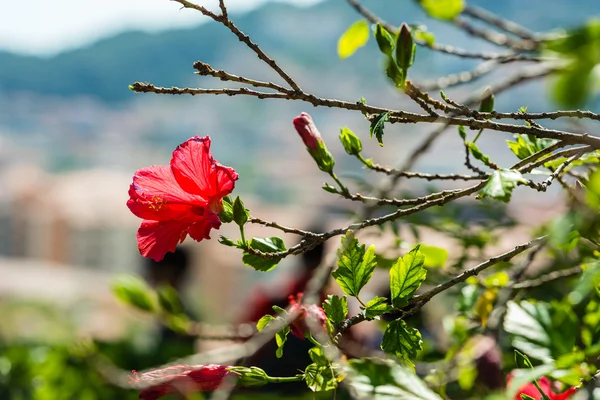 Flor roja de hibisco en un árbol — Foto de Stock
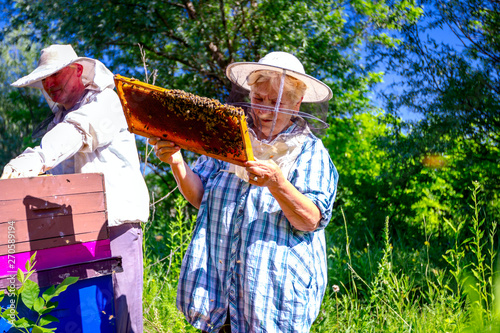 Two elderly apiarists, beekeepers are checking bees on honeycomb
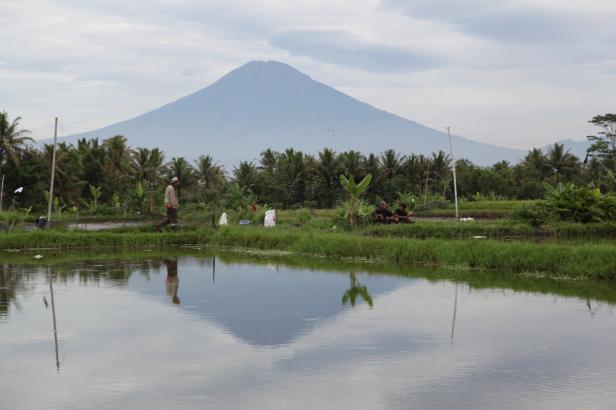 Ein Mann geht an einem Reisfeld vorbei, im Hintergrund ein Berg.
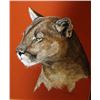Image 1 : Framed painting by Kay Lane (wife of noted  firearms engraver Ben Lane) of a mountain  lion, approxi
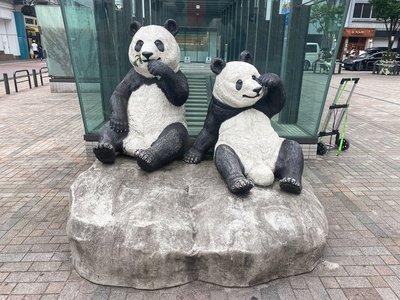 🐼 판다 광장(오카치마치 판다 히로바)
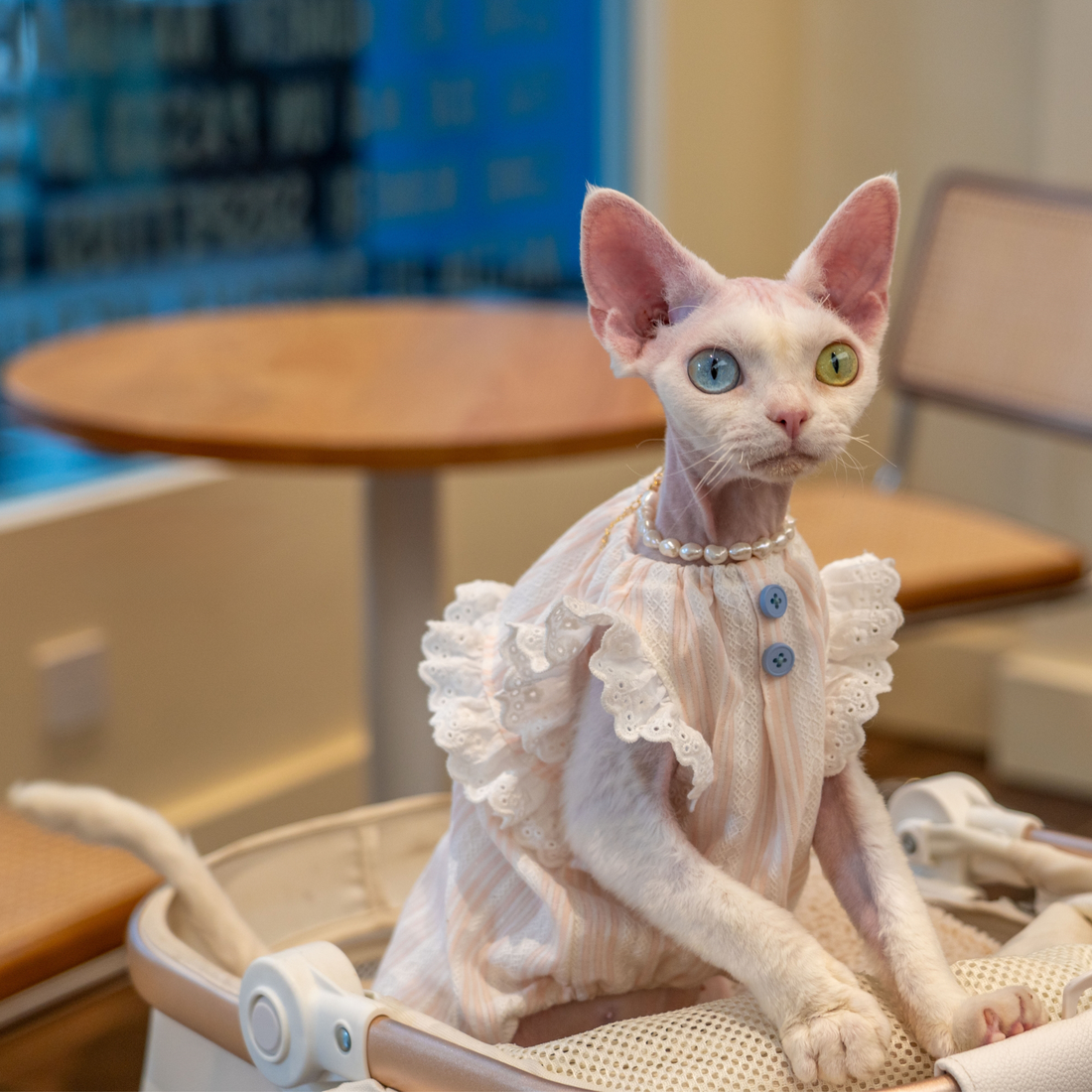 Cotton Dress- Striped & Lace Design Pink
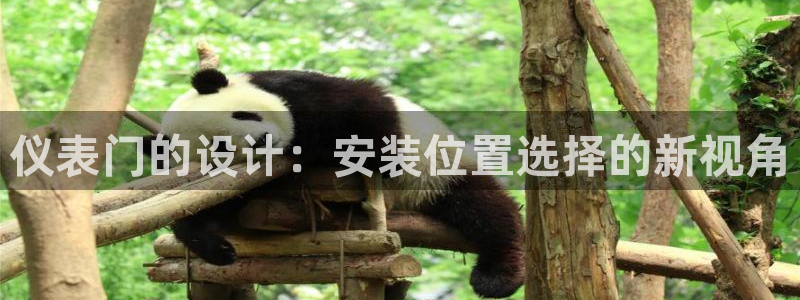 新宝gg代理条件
══════
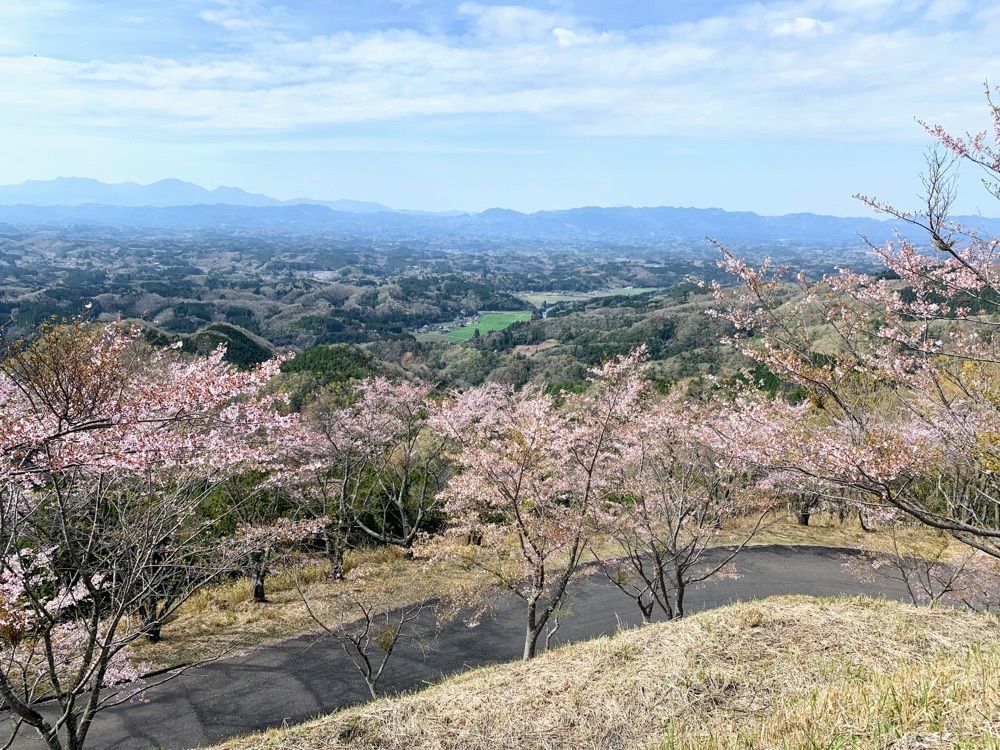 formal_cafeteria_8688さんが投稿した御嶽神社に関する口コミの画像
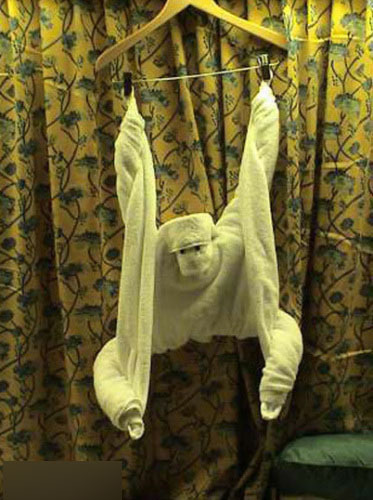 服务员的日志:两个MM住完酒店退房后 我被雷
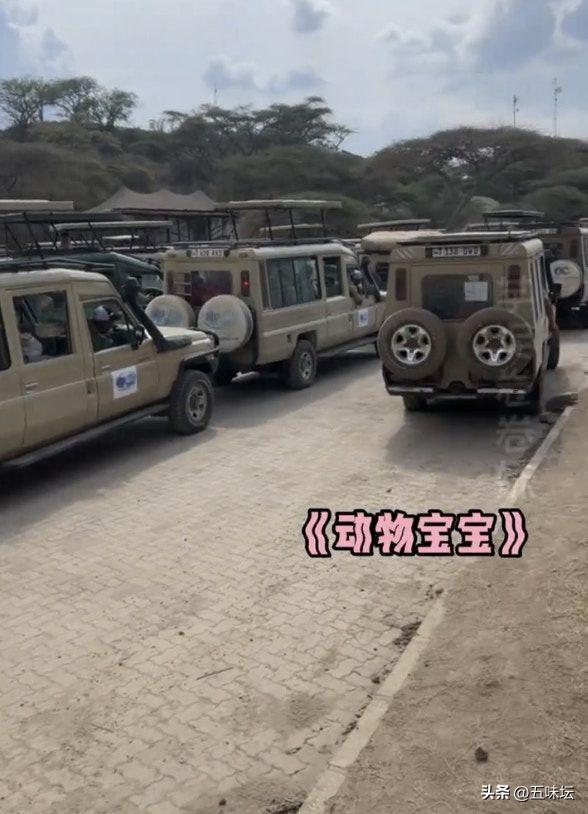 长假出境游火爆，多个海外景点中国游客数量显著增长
══════
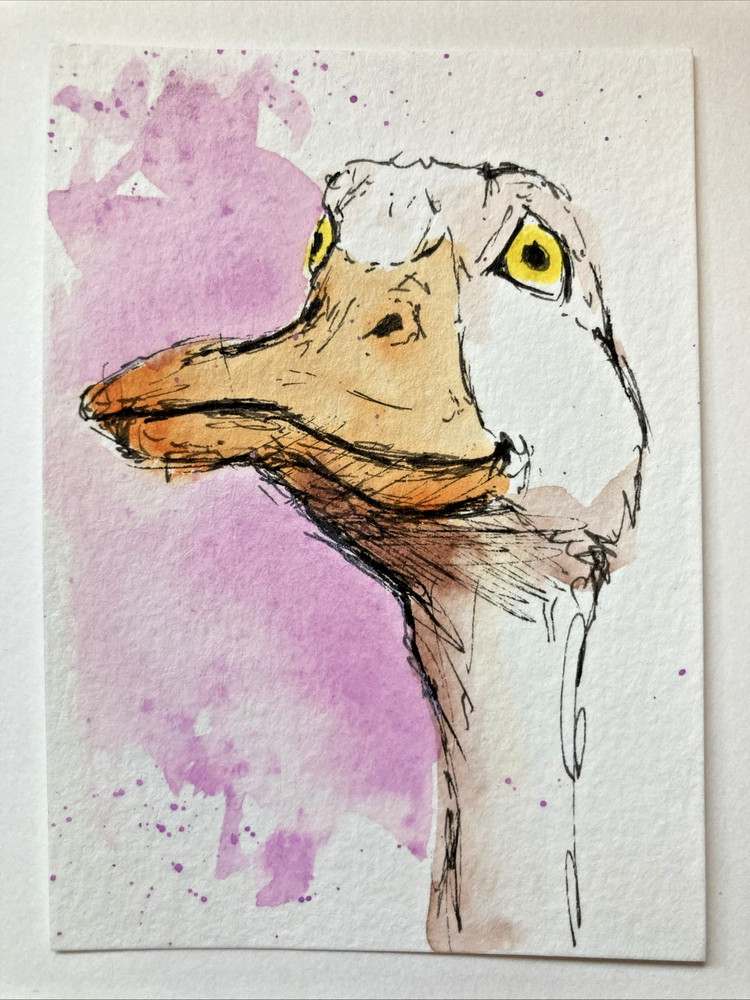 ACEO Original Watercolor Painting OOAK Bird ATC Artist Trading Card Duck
══════
AIM OF THE TASK:
In the listing above, find the line containing "服务员的日志:两个MM住完酒店退房后 我被雷". Output it and every line after it up to and including the line containing "长假出境游火爆，多个海外景点中国游客数量显著增长", exactly, but skip the pictures.

THE COMPLETED TASK:
 服务员的日志:两个MM住完酒店退房后 我被雷
 长假出境游火爆，多个海外景点中国游客数量显著增长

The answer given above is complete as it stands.